新撰組~変えてやる!!

 「どうしたの?葵、なんか悪い物でも食べた?」

 「へ?」

 朝食後、日当たりの良い場所に座っていた葵は、面食らったように庭で話していた藤堂の方を向いた。

 「…俺、そんなにおかしいか?」

 「ん?そうだな。鼻歌歌ってるなんて珍しいよな…。」

 葵は永倉の言葉に、更に面食らった。追討ちをかけるように原田も口を開く。

 「どっかで頭、打ったか?」

 「……みんなして酷いな…そんなにおかしいもんか?」

 葵はピョンと庭に降りた。草鞋<ワラジ>を引っ掛けて、3人の元に行く。

 「いや、俺は別にいいと思うぞ。ここはさ、まぁ言ってみれば変わり者が集まってるだろ?俺は例外だがな!!」

 永倉が胸を張って答えるとほぼ同時に、原田の鋭い突っ込みが入った。永倉が叩かれた後頭部を抑えながら、涙目で原田に抗議している姿を葵は笑いを耐えながら見ていた。

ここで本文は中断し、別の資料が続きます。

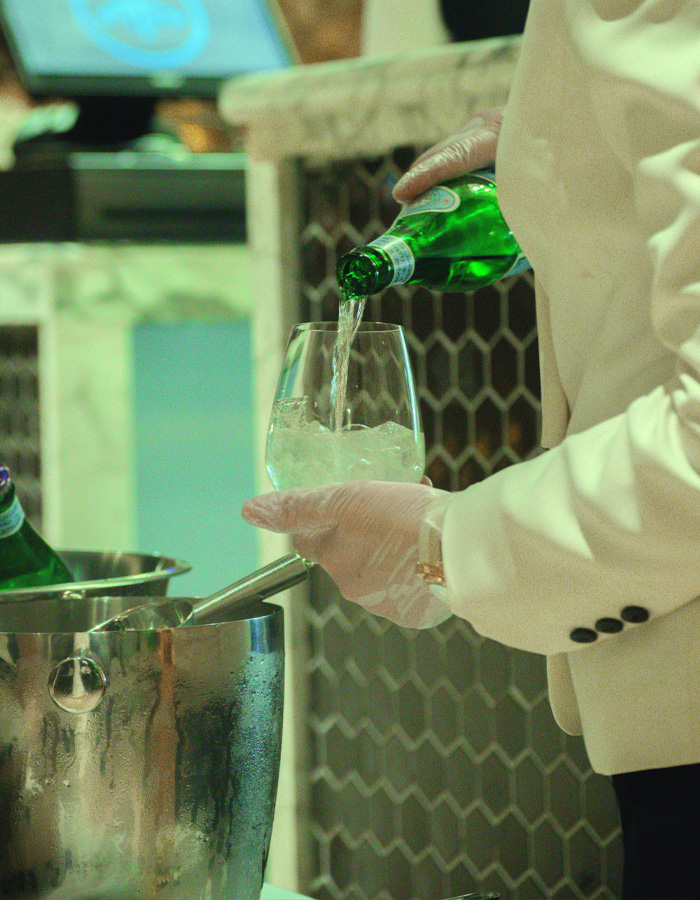 Hotel staff pouring mineral water into glass with ice Hotel staff pouring mineral water into glass with ice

 「そうだ、葵!!僕達さ、今、甘味処でも行こうかって話してたんだけど、一緒に行かない?」

 「ん?…ぁ~…、ごめん。俺、夜の方の見回りもあるから。」

 葵の言葉に永倉が素早く反応を示した。

 「夜は源さんと斉藤のとこだろ?それに朝の見回りだって葵だったし…」

 「まぁね。源さんが体調壊したらしくてさ…“代わりに出てくれ”って副長に頼まれたんだよ。」

 葵は近くにあった木に背中を預け、腕を組んだ。

 「それも総隊長の役目かぁ~!?元々細っけぇのに、それ以上無理したらそのうち無くなっちまうぞ!?」

 「そう思うんだったら、体調管理、ちゃんとしとけよ。そういう訳だから。甘味処には行けないや。ごめんな。」

 葵は申し訳なさそうに小さく笑い、自室へと足を向けた。

 永倉の声が聞こえた気がしたが、何を言っているのかまではわからなかった。葵は“行ってらっしゃい”と“ありがとう”の意味を込めて左手を軽く挙げた。